After running a number of tests on the development database I have now left the deduplicator to run on the main database. It is not removing the duplicates yet, but just marking them, as well as marking 'similar' articles (those which rank with above 30% similarity).

Also discovered some problems with short articles on thenewage.co.za - similar to the problem before with IOL, if the article text is too short then Reporter picks up the CSS styling instead as the 'main text'. Unfortunately unlike with IOL removing the CSS as a pre-processing step does not solve the issue, as Reporter's next guess is the "in other news" section; if this is removed, it picks up the phrase "comment now". At this stage I couldn't find a solution generic enough to be appealing - some customized code may need to be written for some publications.

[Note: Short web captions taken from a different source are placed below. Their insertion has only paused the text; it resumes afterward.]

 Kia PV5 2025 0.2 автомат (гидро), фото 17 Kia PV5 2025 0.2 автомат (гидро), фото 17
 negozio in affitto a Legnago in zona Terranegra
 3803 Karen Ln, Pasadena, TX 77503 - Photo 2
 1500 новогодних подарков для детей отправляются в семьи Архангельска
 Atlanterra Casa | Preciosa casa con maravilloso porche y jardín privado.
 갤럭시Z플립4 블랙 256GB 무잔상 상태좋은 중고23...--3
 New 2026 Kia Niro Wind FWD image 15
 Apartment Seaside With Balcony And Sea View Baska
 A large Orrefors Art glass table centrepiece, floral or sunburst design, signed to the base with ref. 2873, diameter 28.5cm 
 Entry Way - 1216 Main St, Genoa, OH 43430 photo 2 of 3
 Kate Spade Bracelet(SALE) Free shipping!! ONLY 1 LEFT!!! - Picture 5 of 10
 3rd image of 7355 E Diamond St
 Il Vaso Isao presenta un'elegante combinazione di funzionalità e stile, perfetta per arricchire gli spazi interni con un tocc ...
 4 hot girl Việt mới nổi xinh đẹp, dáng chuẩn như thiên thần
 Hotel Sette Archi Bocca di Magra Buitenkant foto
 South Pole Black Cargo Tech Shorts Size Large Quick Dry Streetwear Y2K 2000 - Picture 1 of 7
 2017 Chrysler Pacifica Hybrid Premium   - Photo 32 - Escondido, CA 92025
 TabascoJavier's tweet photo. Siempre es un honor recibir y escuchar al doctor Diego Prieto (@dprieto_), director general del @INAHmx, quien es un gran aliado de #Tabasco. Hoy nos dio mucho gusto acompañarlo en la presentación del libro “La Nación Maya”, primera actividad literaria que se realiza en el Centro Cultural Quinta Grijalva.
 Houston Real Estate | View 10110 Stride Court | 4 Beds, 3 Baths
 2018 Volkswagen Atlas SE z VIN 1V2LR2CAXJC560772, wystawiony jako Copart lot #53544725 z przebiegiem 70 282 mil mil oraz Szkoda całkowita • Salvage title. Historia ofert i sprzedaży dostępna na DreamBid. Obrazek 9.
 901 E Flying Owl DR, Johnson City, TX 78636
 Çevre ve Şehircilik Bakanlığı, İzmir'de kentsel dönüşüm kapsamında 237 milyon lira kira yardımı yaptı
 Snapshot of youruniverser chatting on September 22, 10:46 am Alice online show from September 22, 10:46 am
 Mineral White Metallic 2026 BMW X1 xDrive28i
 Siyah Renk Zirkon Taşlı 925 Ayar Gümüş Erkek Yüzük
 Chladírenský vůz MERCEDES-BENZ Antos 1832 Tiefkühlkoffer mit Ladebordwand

Installed NLTK on the server with the punkt package. Took a while to find how to do this on a headless machine (NLTK downloader seems GUI-focussed and the cli downloader didn't provide much help in locating the "english.pickle" resource which is part of the punkt tokenizer):

python -m nltk.downloader punkt




Wednesday 23 July 2014

Second semester - deduplication

Working on the project again now that exam revision, exams, internship and field trip are over.

Worked on near deduplication. Using sklearn python library with TfidfVectorizers as described here: http://stackoverflow.com/questions/8897593/similarity-between-two-text-documents which seems to be working very well so far.

As pairwise comparison of all articles will become increasingly impractical as corpus size grows I'm taking a customized approach of keeping a collection of sentence hashes. This takes up more database space, but it means that we only need to do pairwise comparison on articles which share at least one sentence.

Dedup can be done on an existing corpus by building up the sentence hash collection while doing the deduplication. If the sentence hashes exist already for all articles in the db then we need to pull only a limited subset of articles to compare each new article against.

Also discovered ssdeep fuzzy hashing in Python (thanks to Peter Wrench). Will take a comparative look at this at a later stage to see if can be more efficient than the method described above.